Weekly Interdisciplinary Seminar (bi-weekly meetings, 2 hour each meeting: 16 hours total)

Interdisciplinary Seminar: the texts studied will be read through the lenses of the philosophy of science, the history of the philosophy of science, the philosophy of the history of science, and mathematics and logic.

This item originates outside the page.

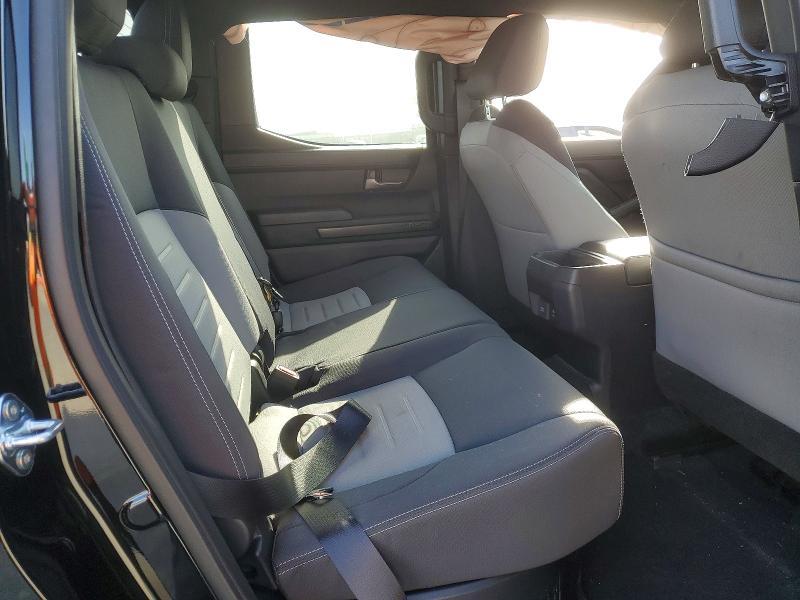 2025 Toyota Tacoma TRD OFF-ROAD HV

Texts: Jacob Klein’s 1932 Marburg lecture “The World of Physics and the ‘Natural’ World” (34 pages), which anticipates Husserl’s historical reflection on the foundations of the exact sciences and discusses in some detail the historicity of the epistemic conditions of possibility of the structural shift in the ontology of Greek mathematics (Euclid, Apollonius, Diophantus) initiated by the early moderns (Viète, Fermat, Descartes, Galileo). Edmund Husserl’s 1936 text “Origin of Geometry” (25 pages) which is the seminal text documenting the phenomenological turn to history in the epistemology of the exact sciences.

Method: Guided reading and critical discussion of the texts.

Summary: A month-long seminar, meeting twice a week for two hours, on the theme of the phenomenological turn to history in the epistemology of the exact sciences. Husserl’s phenomenological arguments for overcoming the traditional opposition between epistemological and historical inquiries into conceptual origins in general, and the conceptual origins of the exact sciences in particular, will be presented and critically evaluated. The crucial link between the phenomenologically genetic account of the intentional origins of exact meanings and the turn to the intentional history of those origins will be explored in the light of problem of historicism. Texts: Jacob Klein’s 1932 Marburg lecture “The World of Physics and the ‘Natural’ World” (34 pp.) and Edmund Husserl’s 1936 text “Origin of Geometry” (25 pp.).

Seminar Schedule: from 5pm to 7pm on

      • Tue, Oct 5
      • Fri, Oct 8
      • Tue, Oct 12
      • Fri, Oct 15
      • Tue, Oct 19
      • Fri, Oct 22
      • Thu, Oct 28
      • Fri, Oct 29

at the IHMC (Institut d’histoire moderne et contemporaine)
45 rue d’Ulm (Escalier D, 3e étage)

Biography

My main research interest is the philosophical foundation of the transformation of knowledge that began in the 16th century with the philosophical advent of modernity. I’ve written three books, most recently The Origin of the Logic of Symbolic Mathematics: Jacob Klein and Edmund Husserl (2011) and The Philosophy of Husserl (2010) and edited two others. I’ve published over eighty articles and given over 140 lectures on 20th century European philosophy (especially the phenomenology of Edmund Husserl, Martin Heidegger, and Jacob Klein), Plato, early modern philosophy, and philosophy and depth psychology. I’m founding co-editor of The New Yearbook for Phenomenology and Phenomenological Philosophy. My current research continues the tradition of transcendental phenomenology and is focused on the critique of symbolic reason.